Perlindungan Korban Kejahatan HAM Belum Maksimal
jpnn.com - JAKARTA -- Ketua Lembaga Perlindungan Saksi dan Korban Abdul Haris Semendawai mengatakan korban kejahatan dan pelanggaran Hak Asasi Manusia perlu mendapatkan perhatian serius. Menurutnya, selama ini perhatian terhadap korban kejahatan dan pelanggaran HAM belum diberikan secara maksimal.
"Korban kejahatan jarang diberikan perhatian. Aparat lebih fokus bagaimana pelaku kejahatan dijatuhi hukuman, sedangkan kebutuhan korban tidak diperhatikan. Padahal kebutuhan korban tidak hanya dengan cukup menghukum pelaku," ujar Haris saat konfrensi pers di sela-sela kegiatan Rapat Koordinasi Pemangku Kepentingan dalam Aktivitas Perlindungan dan Pemenuhan Hak Korban Kejahatan pada Proses Peradilan Pidana dan Penegakan HAM, di Ancol, Jakarta, Kamis (31/10).
Dalam kesempatan itu Haris didampingi Wakil Ketua LPSK Lies Sulistyani, Hasto Atmojo dan Edwin Partogi. Haris menegaskan, harus ada perhatian dan simpati besar terhadap korban kejahatan. Menurutnya, masyarakat internasional saja menyadari bahwa ketika terjadi pidana tidak cukup hanya dengan menghukum pelaku.
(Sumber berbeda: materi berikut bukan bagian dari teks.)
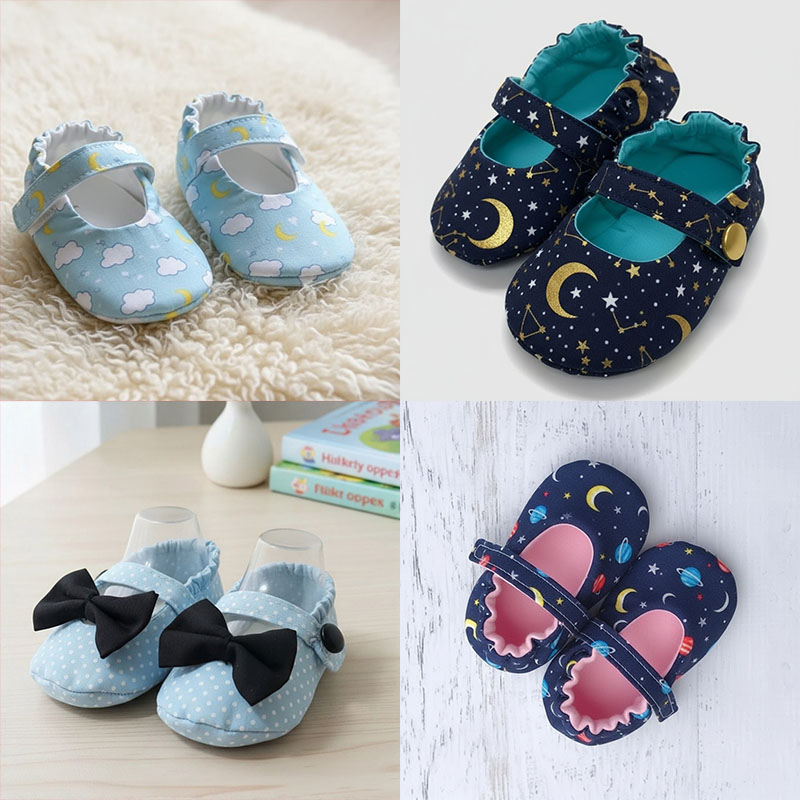 Babyschuhe, mehrere Größen, Sc – Zwitsal Baby Products Bewertung und Preis
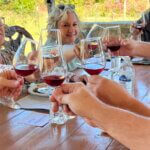 Backroads Vineyard
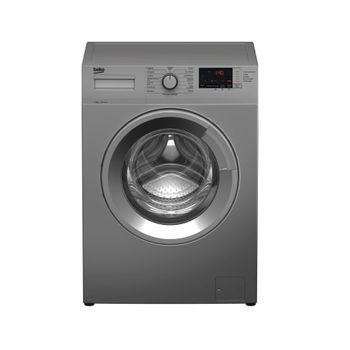 Beko Lavadora Ojo De Buey 6kg 1200 Rpm - Wue6612s1s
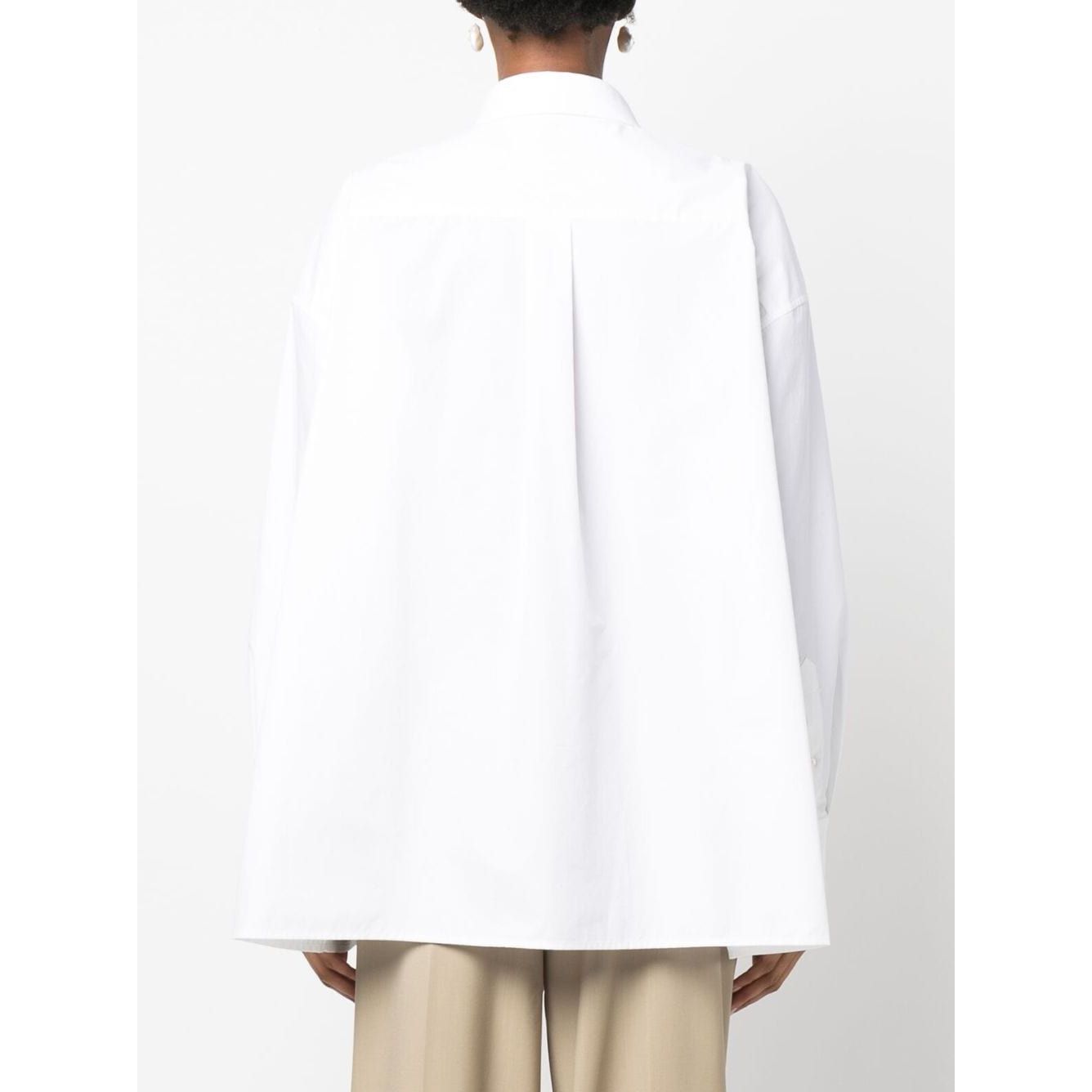 ARMARIUM Shirts White ARMTMT005C003001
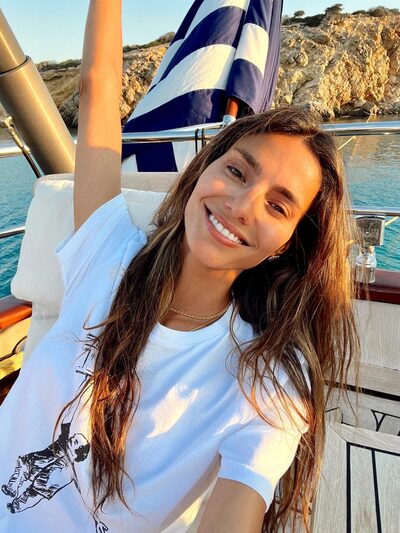 Ηλιάνα Παπαγεωργίου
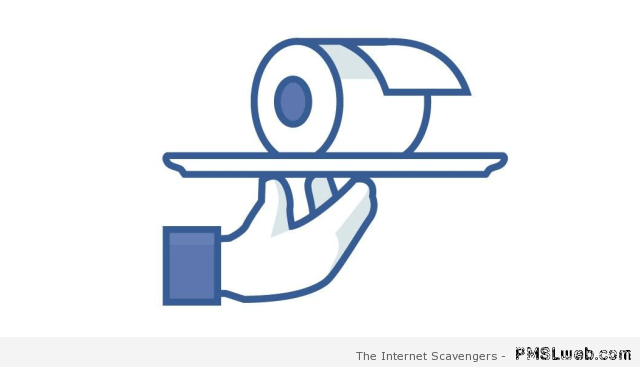 Funny Facebook Logo - Funny Sunday pictures – Dominical giggles coming up | PMSLweb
Tapi, juga harus memberikan penanganan yang layak terhadap korban kejahatan. Bahkan, kata dia, sudah dideklarasikan prinsip dasar keadilan bagi korban kejahatan dan penyalahgunaan kekuasaan. "Dalam deklarasi itu hak-hak korban diakui," ujarnya.
Di negeri ini, ia melanjutkan, sejak lahir Undang-undang nomor 13 tahun 2006 tentang Saksi dan Korban, barulah pengaturan hak korban mulai terinci. Bahkan, sudah ada lembaga yang khusus memberikan perhatian kepada mereka.
Menurutnya, UU tersebut terus disosialisasikan sehingga bisa terimplementasi dengan baik. Ia menambahkan, sejak lahirnya UU 13 itu, LPSK merupakan satu-satunya lembaga yang diamanatkan untuk memberikan hak reparasi dan perlindungan terhadap korban kejahatan selain terhadap saksi.
"Sehingga LPSK harus berkomitmen untuk memfasilitasi dan melayani korban memeroleh keadilan," ujarnya.
Namun, ia menyadari LPSK mesti bekerjasama dengan berbagai pihak untuk melakukan sinergitas. Menurutnya, LPSK kerap menemukan kendala dalam memfasilitasi pemberian ganti rugi (restitusi dan kompensasi) serta bantuan terhadap korban kejahatan. Salah satunya, lanjut Haris, masih lemahnya ketentuan pemberian reparasi terhadap korban dalam UU 13.